White House’s New Approach to RFK Jr. Shows Trump’s Fear for Midterms

The White House is trying to pull back on messaging regarding Robert F. Kennedy Jr.’s unpopular anti-vaccine policy decisions.

Robert F. Kennedy Jr. points to the side while speaking at a podium
Stefani Reynolds/Bloomberg/Getty Images

The White House has taken the reins at Robert F. Kennedy Jr.’s Department of Health and Human Services.

Kennedy’s “Make America Healthy Again” agenda—which has so far included stripping nationwide access to important vaccines—is apparently not winning Americans over. Motivated by midterm anxieties, aides close to Donald Trump have reportedly stepped in to manage the Health Department in an attempt to sway public opinion of the president back into favorable waters, The Wall Street Journal reported Monday.

Republicans in both chambers of Congress are concerned about losing their foothold. The GOP already has a razor-thin majority in the House, but last week, Politico noted that confident moods had turned sour for the caucus’s peers in the Senate, as well.

At issue at the ballot box: the price of food, the price of oil, the price of water, and the price of energy. Yet Republicans have failed to offer a resonant message to keep their party in power. Instead, the president has started an inexplicable war with Iran that has exacerbated the already astronomical cost of living, slashed taxes for the wealthy, and seeded chaos with the “Save America” Act, which even Trump administration officials have admitted will make it harder for married women to vote.

Enter: Kennedy.

Kennedy is running DHS with practically zero relevant experience. He has not worked in medicine, public health, or the government—rather, he is guided only by a pocketful of conspiracies that America’s foremost health experts have already thoroughly debunked, and his off-the-wall notions about health have thus far proved disastrous for the agency.
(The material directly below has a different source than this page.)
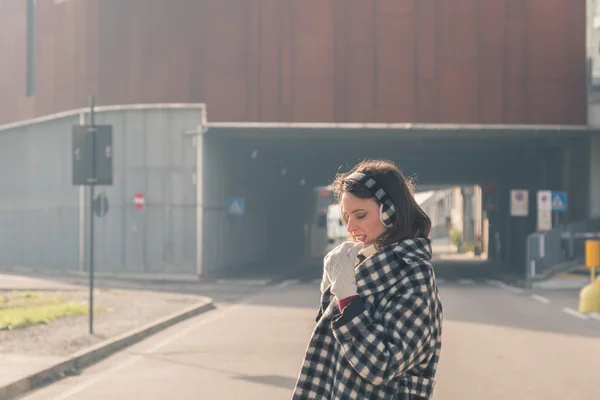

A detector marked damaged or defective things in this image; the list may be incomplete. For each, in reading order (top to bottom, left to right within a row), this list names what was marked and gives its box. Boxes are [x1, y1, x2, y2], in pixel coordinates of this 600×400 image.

During a measles outbreak in Texas last year, Kennedy refused to endorse the tried and true measles vaccine, recommending instead that susceptible residents self-medicate with vitamins. (Since the start of 2026, 30 states have reported at least one confirmed case of measles. In 2025, that number reached 44 states.)

He has transformed DHS, replacing independent medical experts on the Centers for Disease Control’s vaccine advisory panel with a hodgepodge of vaccine skeptics. He also overhauled the child vaccination schedule without notifying his staffers, a decision that could potentially affect vaccine access and insurance coverage for millions of American families in the coming years.

In the meantime, Kennedy has nabbed headlines for crafting viral moments that include chugging milk while wearing jeans in a pool with Kid Rock, and inventing a new version of the food pyramid that flipped the triangle upside down to feature butter, steak, and cheese in leading roles.

Some people close to Kennedy and the White House told the Journal that the secretary’s popularity within his own agency has hit a record low after multiple setbacks to his MAHA agenda, though that has apparently not affected his standing with Trump.

Americans, meanwhile, have unilaterally lost confidence in the nation’s public health agencies since Kennedy took over at HHS, according to a survey from the Annenberg Public Policy Center at the University of Pennsylvania, conducted last month.